Ces suspects sont soupçonnés d'avoir transporté, hébergé ou aidé matériellement les assaillants depuis le sol belge. Les attentats du 13 novembre 2015, préparés en bonne partie en Belgique, où les assaillants disposaient de plusieurs planques, ont très rapidement conduit à l'ouverture d'une enquête de la justice antiterroriste à Bruxelles. Mais tous ne seront pas jugés pour les mêmes charges : 12, selon les requêtes du parquet, devront répondre de "participation aux activités d'un groupe terroriste". L'un des suspects, Abid Aberkane, sera jugé pour avoir caché au domicile de sa mère Salah Abdeslam, le seul membre encore en vie des commandos ayant frappé Paris et dont la cavale a duré quatre mois jusqu'à son arrestation dans la capitale belge le 18 mars 2016. Abid Aberkane est donc soupçonné de l'avoir aidé à se cacher les derniers jours qui ont précédé son arrestation. La mère de ce suspect compte parmi les cinq inculpés ayant bénéficié d'un non-lieu faute de charges suffisantes.

Les autres prévenus gravitaient aussi dans l'entourage de Salah Abdeslam ou bien de son ami Mohamed Abrini, dit "l'homme au chapeau", qui avait renoncé à se faire exploser au moment des attentats de Bruxelles le 22 mars 2016. Les suspects gravitaient également dans l'entourage des frères Ibrahim et Khalid El Bakraoui, deux des kamikazes morts dans cette double attaque à Bruxelles en 2016 qui a fait 32 morts et qui a été perpétrée par la même cellule jihadiste.

Un procès prévu en Belgique en fin d'année

Parmi les 14 appelés à comparaître, deux devraient être jugés en leur absence car ils n'ont jamais été arrêtés et sont probablement morts en Syrie, même si la justice belge n'a aucune preuve formelle. Il s'agit de Sammy Djedou (dont la mort a été annoncée par le Pentagone en décembre 2016) et de Youssef Bazarouj, un autre belge soupçonné d'avoir été associé en Syrie à la cellule des opérations extérieures de l'Etat islamique. Il aurait aussi été tué en zone de guerre.

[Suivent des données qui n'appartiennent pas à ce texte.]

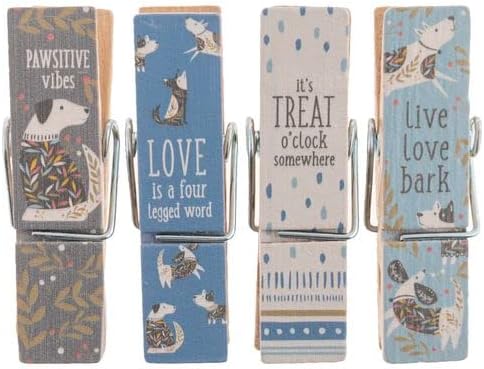 Karma Gifts Chip Clips, One Size, Blue Dog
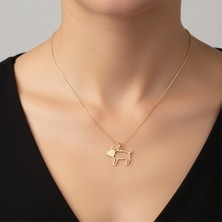 TabiTela 14 ayar altın kolye ucu domuz GM9199 0.5 gr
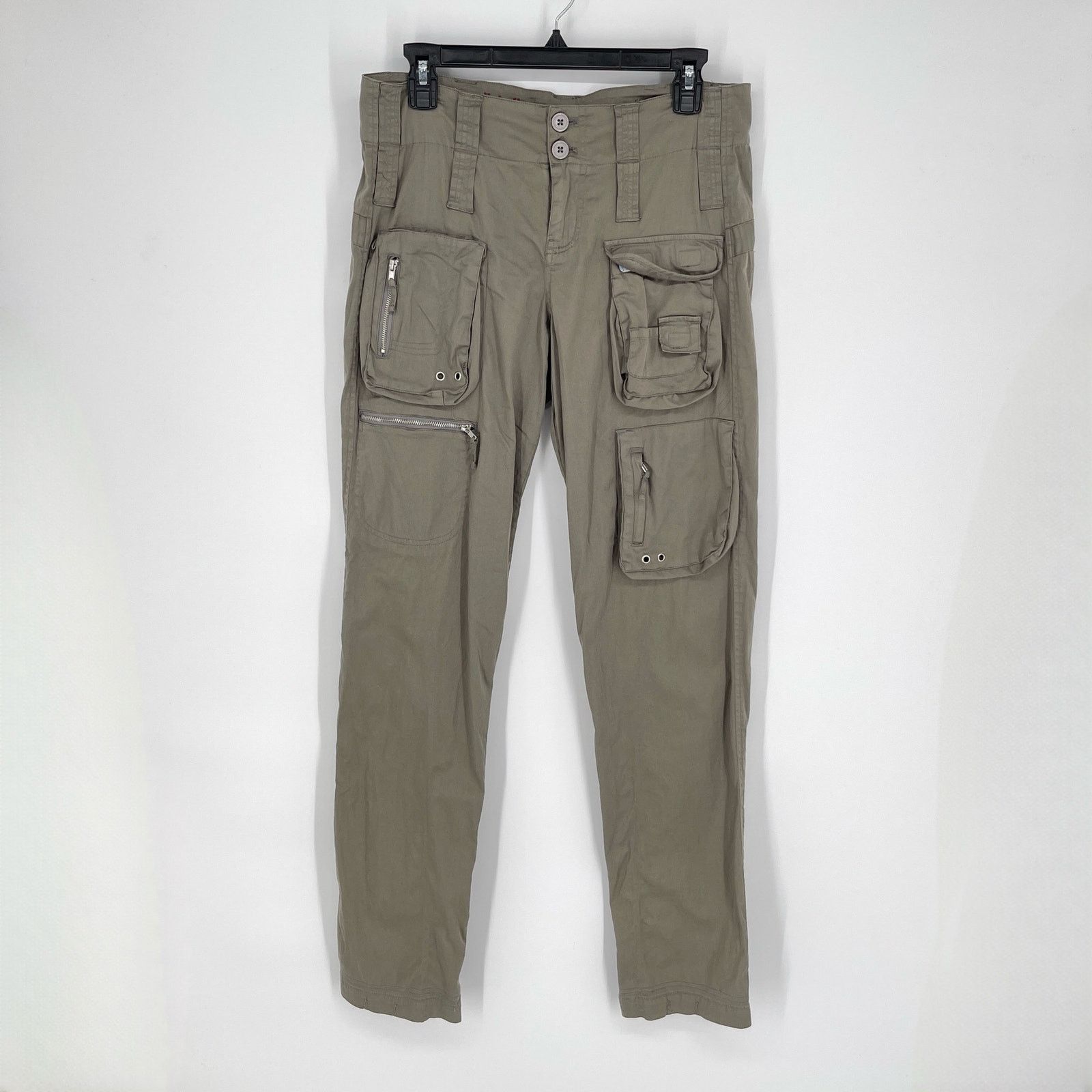 image of New Pete & Greta By Johnny Was Cargo Pants Size 2 Y2K Green, Women's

Après cette décision de renvoi devant un tribunal - prise par la chambre du conseil à huis clos et qui est susceptible d'appel - le procès prévu à Bruxelles pourrait se dérouler à la fin de l'année, au même moment que celui de Paris puisque les protagonistes ne sont pas les mêmes. Dans la procédure française, 20 personnes ont été renvoyées devant la cour d'assises spéciale de Paris, où le procès doit s'ouvrir le 8 septembre 2021 et durer environ six mois.

Ces attentats, revendiqués par l'organisation Etat islamique avaient fait 130 morts à Paris et dans la commune voisine de Saint-Denis le soir du 13 novembre 2015.